• Work order: A word-for-word copy of the records below is needed, without the images.

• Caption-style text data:
★ ★ ★ ★ ★
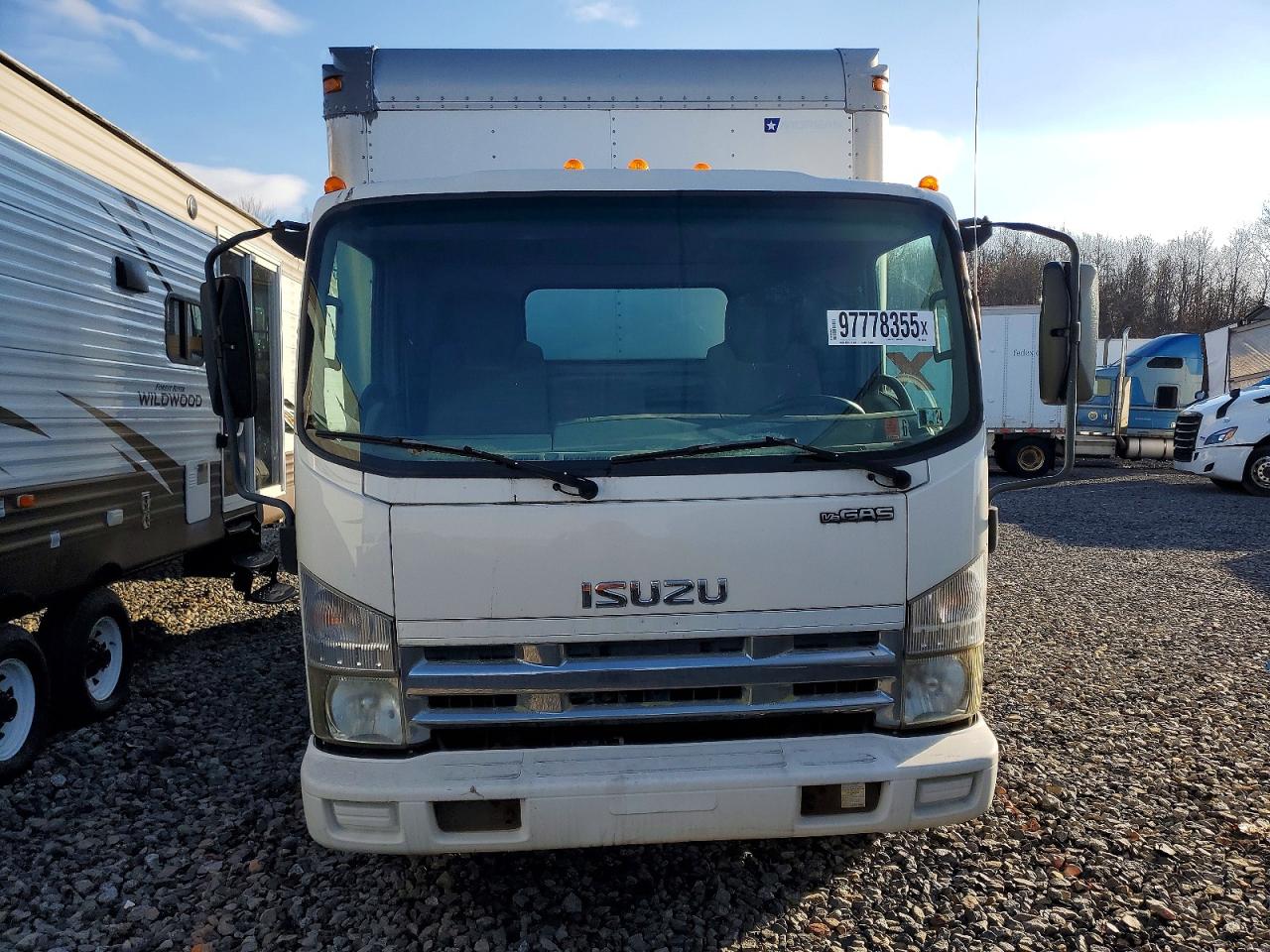 2008 ISUZU NPR BOX TRUCK photo 5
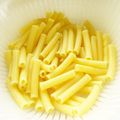 ぶどうなすび's cooksnap of when they made レンジで簡単時短！茹でマカロニ.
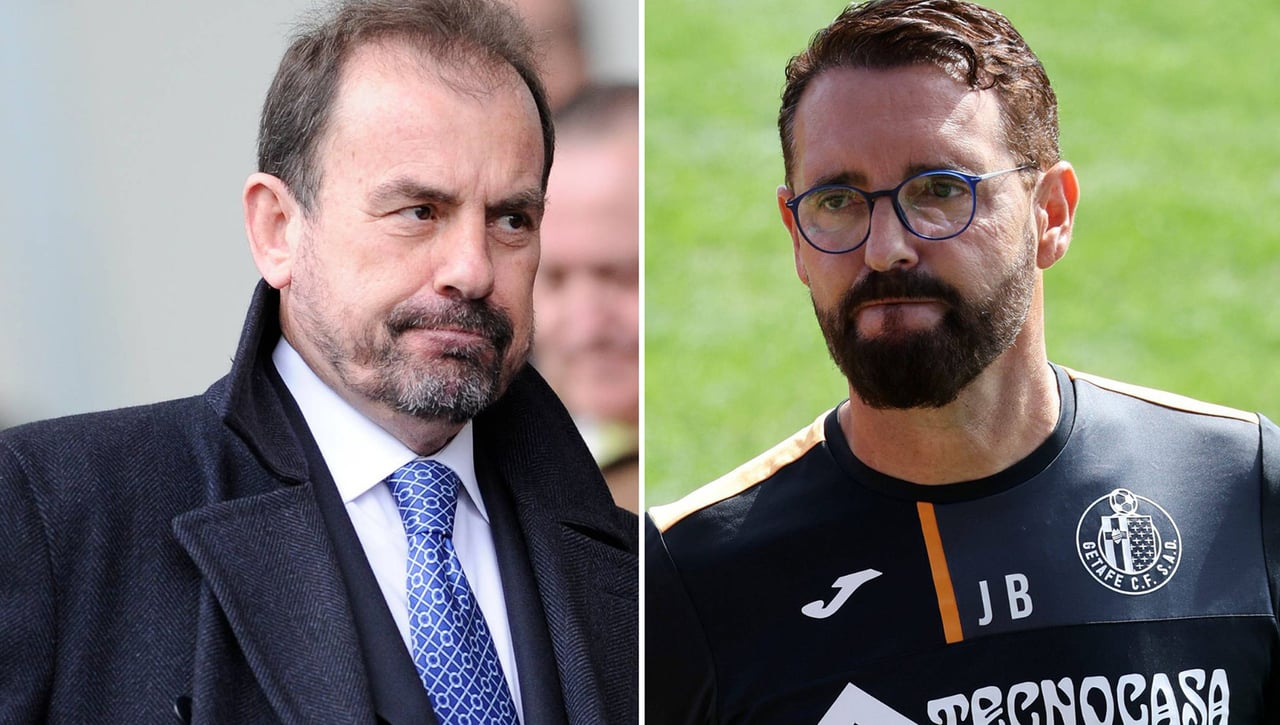 Ángel Torres advierte al Sevilla por su interés en Bordalás: "No me gusta"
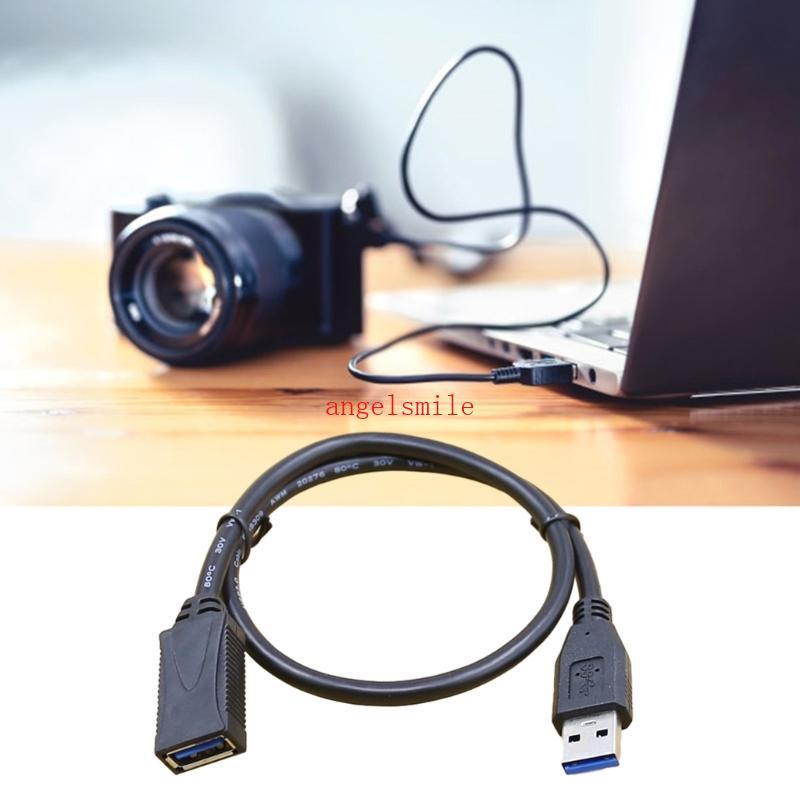 Ace USB3 0 Cabo De Extensão Fio Portátil USB Macho Para Fêmea Extensor Suporte Dados 5Gbps Lâmpadas De Impressoras De Ve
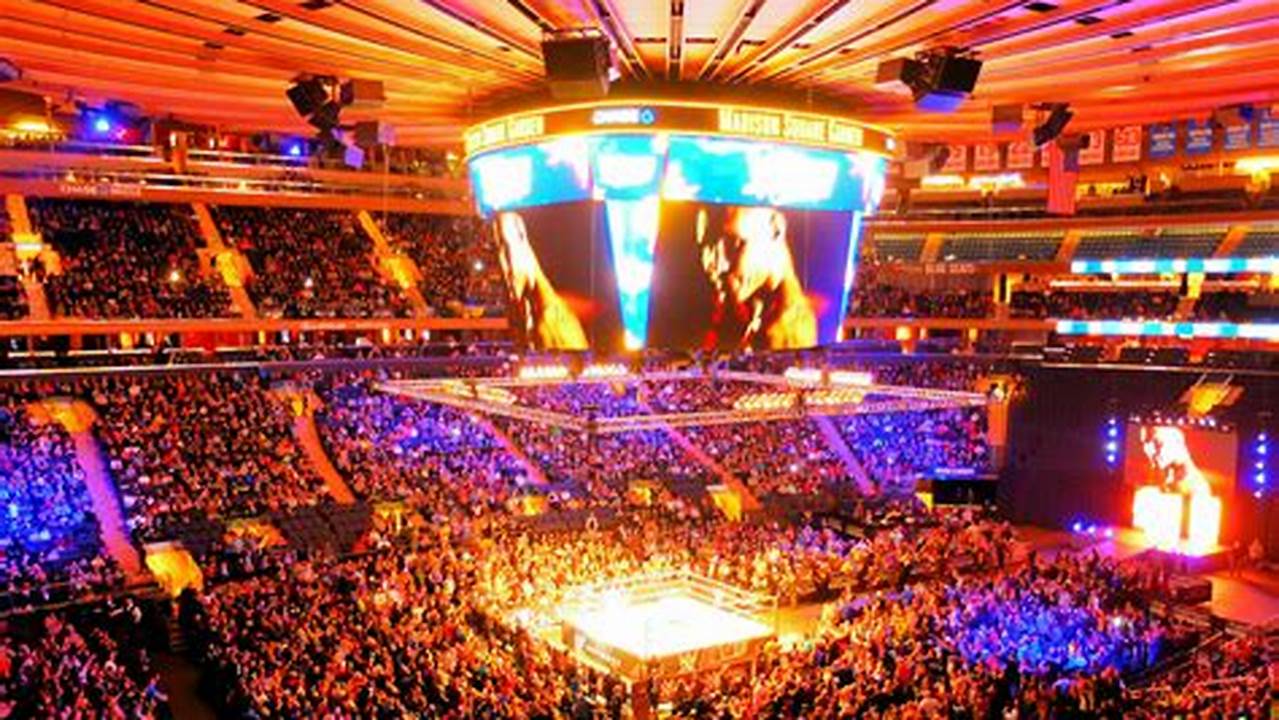 Conciertos En Madison Square Garden 2024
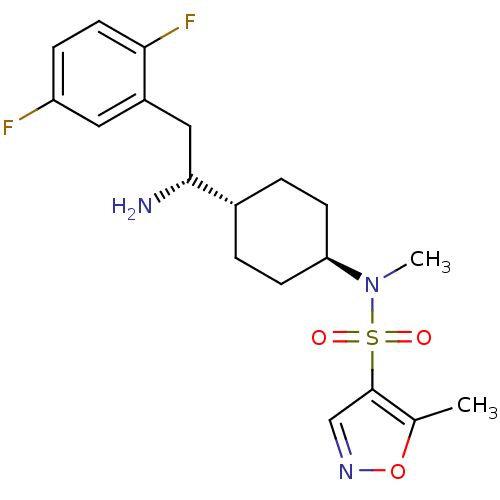 Chemical structure of BindingDB Monomer ID 50338454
★ ★ ★ ★ ★
• Output:
 2008 ISUZU NPR BOX TRUCK photo 5
 ぶどうなすび's cooksnap of when they made レンジで簡単時短！茹でマカロニ.
 Ángel Torres advierte al Sevilla por su interés en Bordalás: "No me gusta"
 Ace USB3 0 Cabo De Extensão Fio Portátil USB Macho Para Fêmea Extensor Suporte Dados 5Gbps Lâmpadas De Impressoras De Ve
 Conciertos En Madison Square Garden 2024
 Chemical structure of BindingDB Monomer ID 50338454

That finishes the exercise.